Didier stood, bewildered, while the clocks started to strike the half hour.
‘She can’t possibly mean it,’ he said, finally, as the last chime died. ‘Lord knows why I should care one way or the other. What angers me is that we risked everything to get here, to be insulted, and now we’ll be late getting back, leaving Tetu and Citizen Aulard in a predicament, for the sake of a couple of numbskulls, with whom I have no sympathy. For that matter, I’ve no sympathy with any aristocrat foolish enough to put more store in property than people.’
‘Be careful, Didier, it’s not that simple. The word “aristocrat” has been redefined; it includes merchants, bankers, tradesmen, clerks, lawyers.
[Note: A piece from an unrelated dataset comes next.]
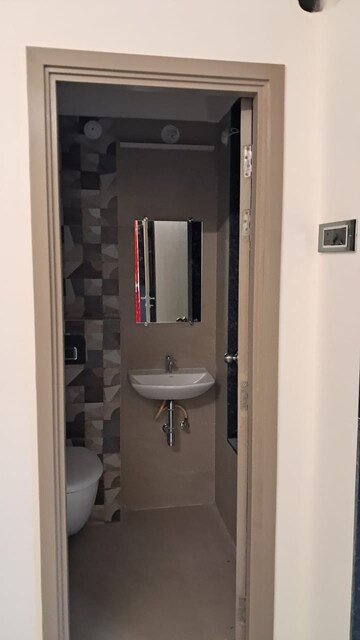 Bathroom in 1.5 BHK Apartment at Ajmera Greenfinity, Wadala East – for Rent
I tell you this much: soon the sans-culottes will have you arrested for addressing someone as “monsieur”.’
‘For a slip of the tongue?’ said Didier.
‘You think not? Use the word “monsieur” in public and I assure you that you’ll be arrested for hankering after the old regime. “Citizen” is after all the most honourable of titles; the definition of a virtuous man.’
‘Look, it’s simple. This is a battle between the haves and the have-nots.’
Yann laughed. ‘I think it’s much more complicated than that, and the green-eyed monster plays a larger part in this drama than you give him credit for.’